METHODS: A nationwide cross-sectional survey of 1,468 US adolescents (aged 13-17 years) assessed self-reported loneliness, social anxiety, problematic gaming, and gaming-related behaviors (e.g., frequency, play partners, and real-time communication). Structural equation modeling with 10,000 bootstrap iterations tested direct and indirect pathways among internalizing symptoms, gaming behaviors, and problematic gaming.
RESULTS: Loneliness was associated with more gaming with both strangers and known peers, and these play patterns were linked to higher levels of problematic gaming. Social anxiety was positively associated with solo gaming only. Communication with known peers was associated with lower problematic gaming, whereas communication with strangers was associated with higher levels. Frequent communication with strangers was associated with a stronger link between gaming frequency and problematic use.

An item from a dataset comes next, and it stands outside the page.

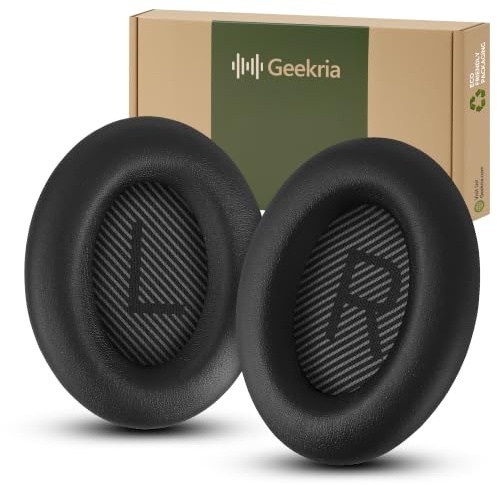 Geekria Elite Sheepskin Ear Pads for Bose New QuietComfort, QC 45/ 35II/ 35 II Gaming/ 35/25/ 15/ SE, AE 2/2i/2w, SoundTrue, SoundLink AE2 Headphones, with Video Guide (Black)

Mediation analyses showed that social gaming behaviors mediated the association between loneliness and problematic gaming, but not between social anxiety and problematic gaming.
DISCUSSION: These findings underscore the nuanced ways mental health vulnerabilities may shape adolescents’ digital behaviors. Interventions should look beyond screen time to consider social dynamics, communication patterns, and emotional needs underlying digital play.